**Material for this exercise**.
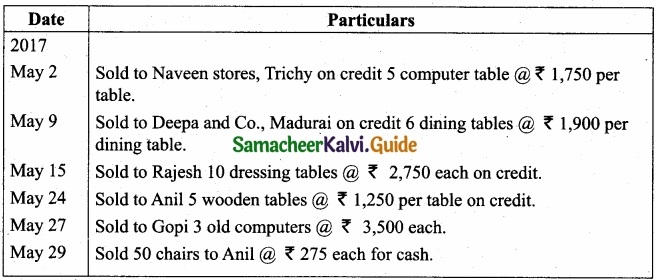 Tamil Nadu 11th Accountancy Model Question Paper 5 English Medium img 25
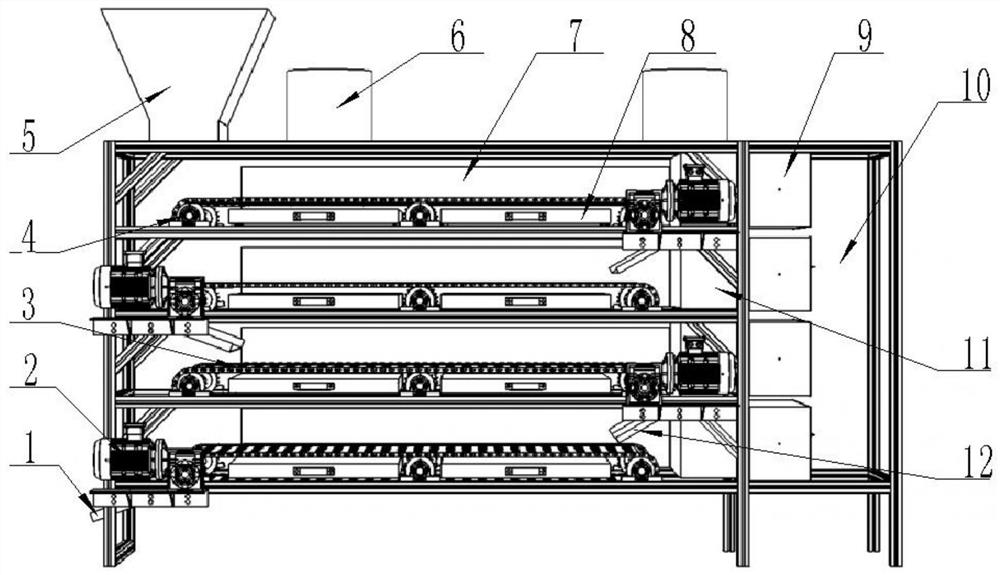 Layered temperature and time control multi-layer mesh belt type camellia seed drying device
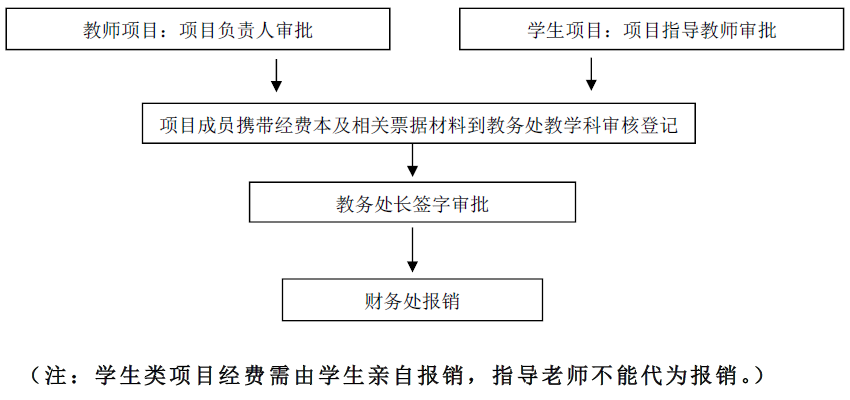 金算盘49819更新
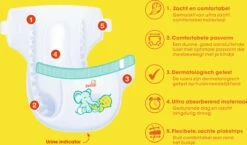 Zwitsal Luiers Mini - Maat 2 - 252 Stuks - Voordeelverpakking -Winkel Voor Babyverzorgingsproducten 1200x703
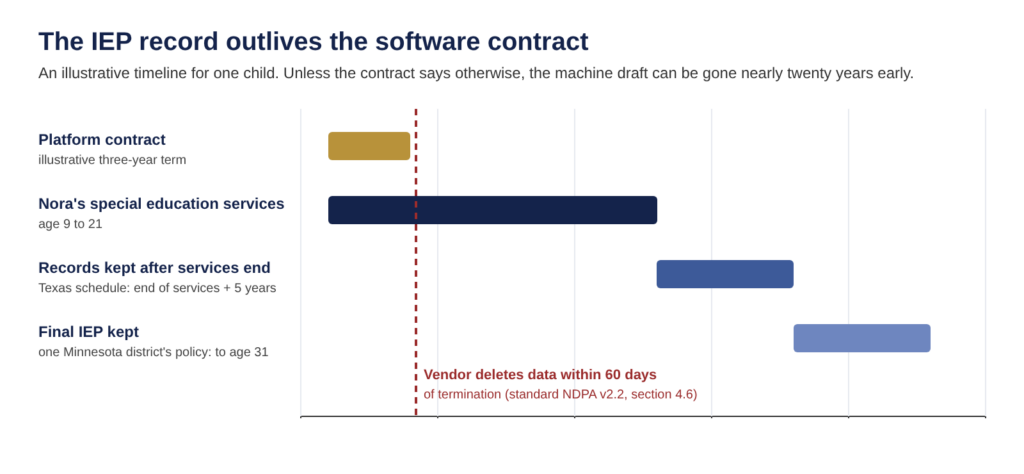 Timeline for one illustrative child. The platform contract runs 2026 to 2029 and the vendor deletes data in 2029. Services run to 2038, records to 2043, and the final IEP is kept to 2048.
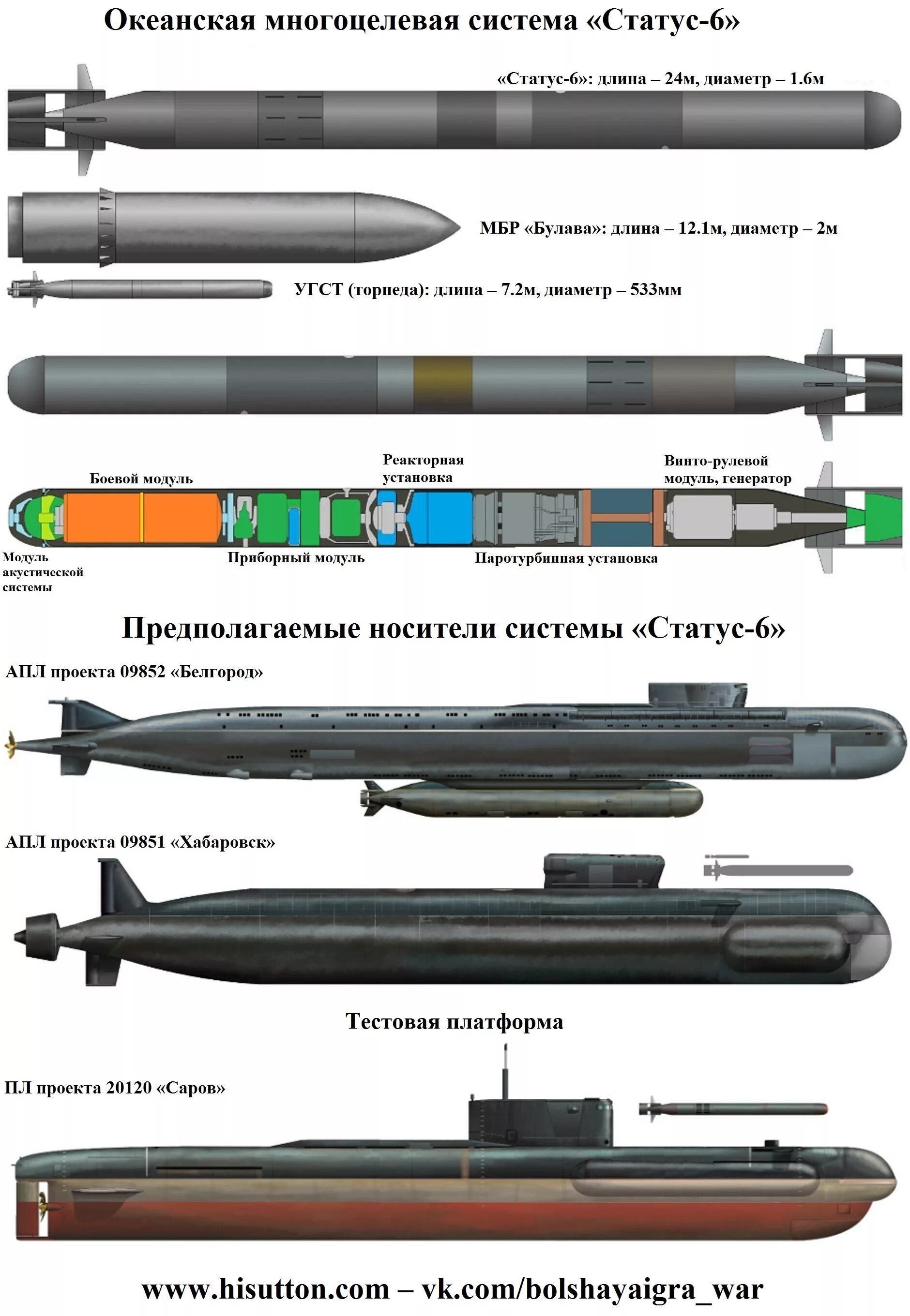 Торпеда длина. Атомная подводная лодка "Белгород" (проект 09852). Проект 09852 Белгород. Подводная лодка Белгород проекта 09852. Атомная лодка к 329 Белгород.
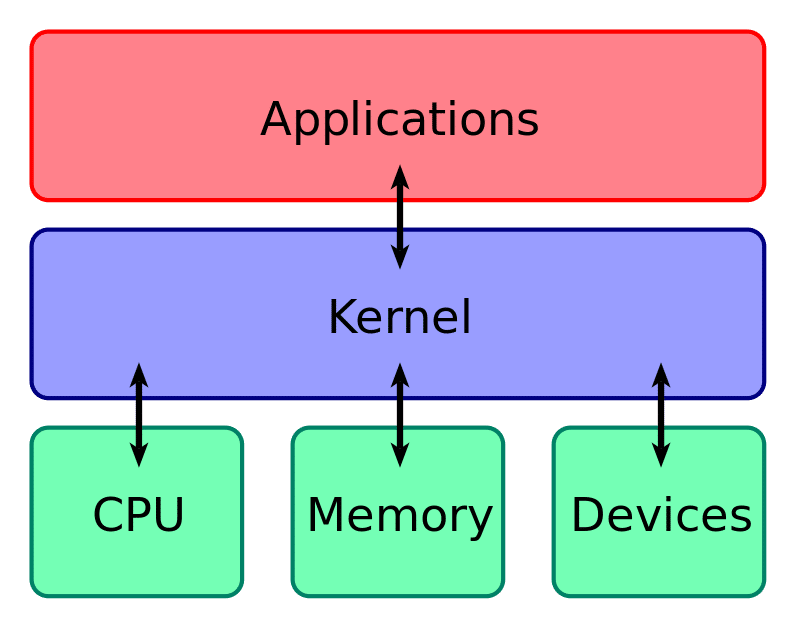 Các loại kernel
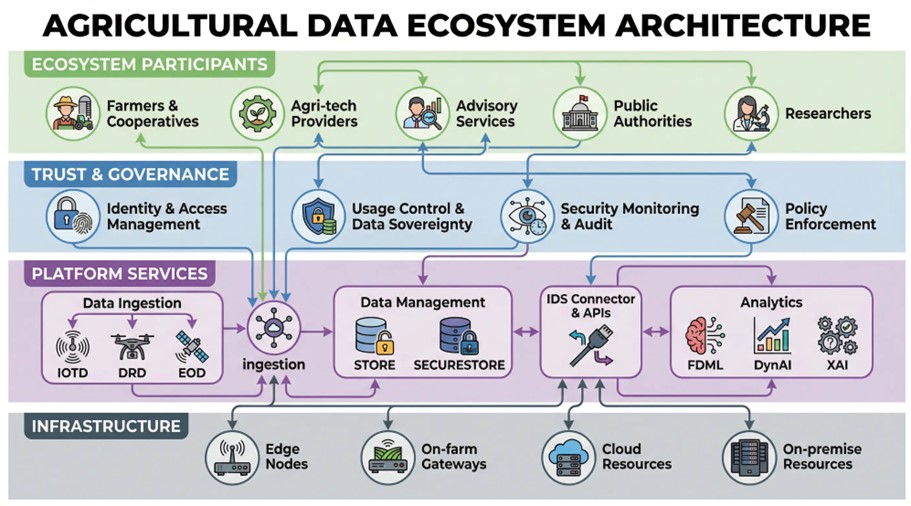AgriDataValue tweet media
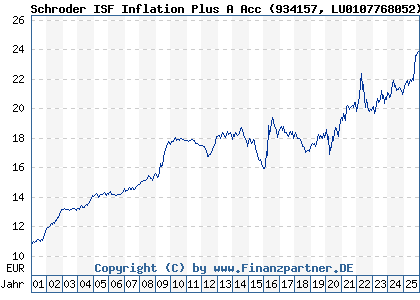 Chart: Schroder ISF Inflation Plus A Acc (934157 LU0107768052)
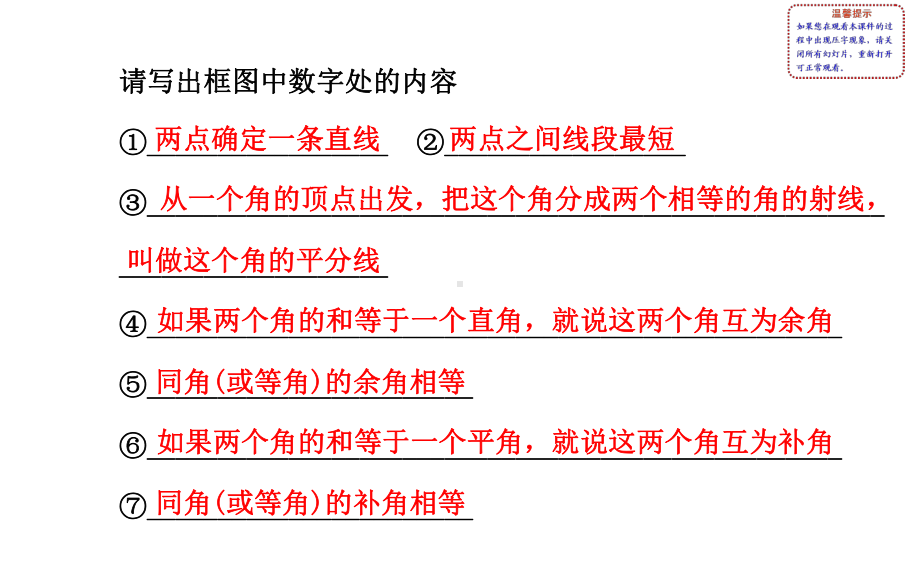 第4章图形的认识复习课件湘教版七年级上.ppt_第3页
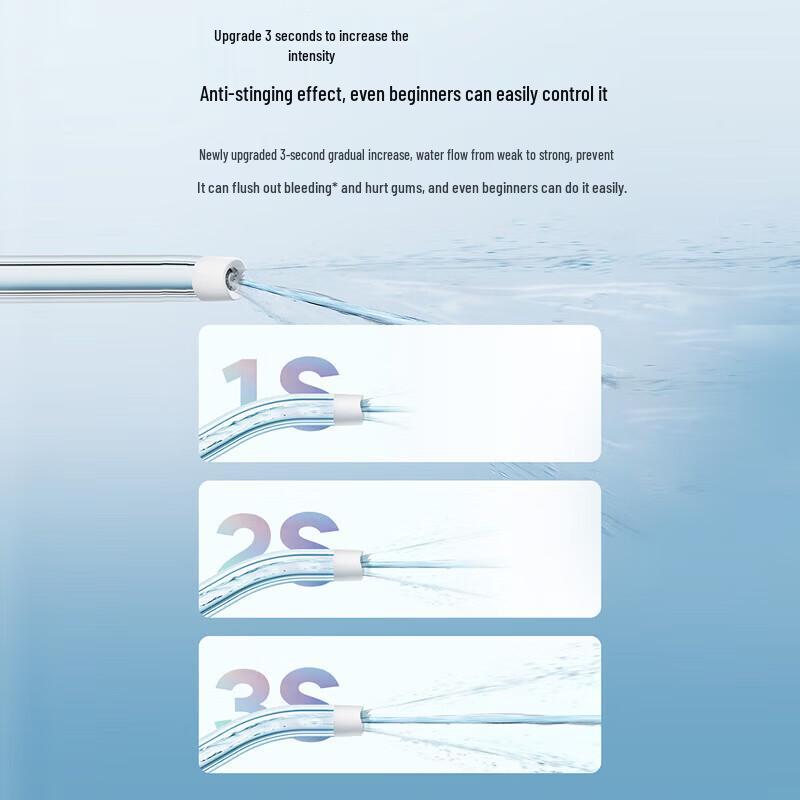Xiaomi Mijia Standing Oral Irrigator F300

**Work to be completed**. Give the listing above again in its entirety, exactly as written and free of images.

**Response area**.
 Tamil Nadu 11th Accountancy Model Question Paper 5 English Medium img 25
 Layered temperature and time control multi-layer mesh belt type camellia seed drying device
 金算盘49819更新
 Zwitsal Luiers Mini - Maat 2 - 252 Stuks - Voordeelverpakking -Winkel Voor Babyverzorgingsproducten 1200x703
 Timeline for one illustrative child. The platform contract runs 2026 to 2029 and the vendor deletes data in 2029. Services run to 2038, records to 2043, and the final IEP is kept to 2048.
 Торпеда длина. Атомная подводная лодка "Белгород" (проект 09852). Проект 09852 Белгород. Подводная лодка Белгород проекта 09852. Атомная лодка к 329 Белгород.
 Các loại kernel
AgriDataValue tweet media
 Chart: Schroder ISF Inflation Plus A Acc (934157 LU0107768052)
 第4章图形的认识复习课件湘教版七年级上.ppt_第3页
Xiaomi Mijia Standing Oral Irrigator F300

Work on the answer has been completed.